Has anyone heard of any clubs looking for members or even properties for lease in and around the area here in FL (Escambia, Santa Rosa, Okaloosa)???? I already have a small lease secured up in AL - but just not too thilled with what I have to work with, so I am looking for other options. Any leads will be greatly appreciated! :thumbup:


----------



## Bullshark (Mar 19, 2009)

Chuck you already have your Bama license and the deer are bigger in bama so why don't you join a lease near the state line in Bama. This one has a good land to member ratio: http://www.pensacolafishingforum.com/f48/brewton-club-needs-members-68876/
Otherwise the only land I know is Westervelt in PCB. Did you re-up your lease?


----------



## 7mmbrowningman (Oct 19, 2008)

Yeah James, we did re-up on the lease...just not feeling to good about it.
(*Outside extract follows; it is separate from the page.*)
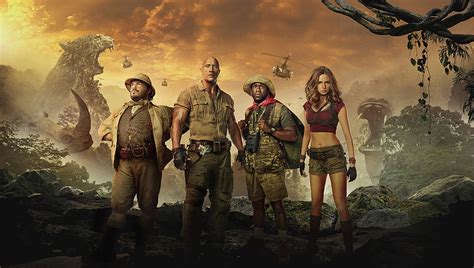 Hd Wallpaper 5k Dwayne Johnson Karen Gillan Kevin Hart Jumanji Welcome To The Jungle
My buddy is having $$$ issues and I personally do not want to have to foot the whole bill on plots so that someone other than me gets to hunt 'em! lol Plus, Lee saw what we are working with again this year...and I am not all that thrilled to say the least! lol 
Being that I am a single dad and my boy is 16 now - I would need to cover 2 license fees this year, plus the property and the food plots all by myself...so I was hoping for a Florida option as a backup plan! If I were to back out on the current lease (letting you know if I do, of course!) all we would lose is $11-12.


----------



## BANKWALKER (Aug 26, 2009)

luredinn posted this:

Clear Creek Hunting Club-on escambia river in chumuckla area, club membership needed if interested call 380-0450 ask for ron or leave messssage.

This is a muti yearmanage family orientated 8 point club with plantedfood plots


----------



## Bullshark (Mar 19, 2009)

If your buddy backs out let us know and Lee and I would cover the 2/3 of all the $. Just let us know before planting season. I may hunt it 2 or 3 times. It needs a lot of work but it has some big boys and we have a tractor and all the attachments. If it's just you we may be able to work something out with you one our land if we can hunt there. We can just join the 2 if we can manage to hunt the same way. I would call you but I lost both of my phones and your # with it.


----------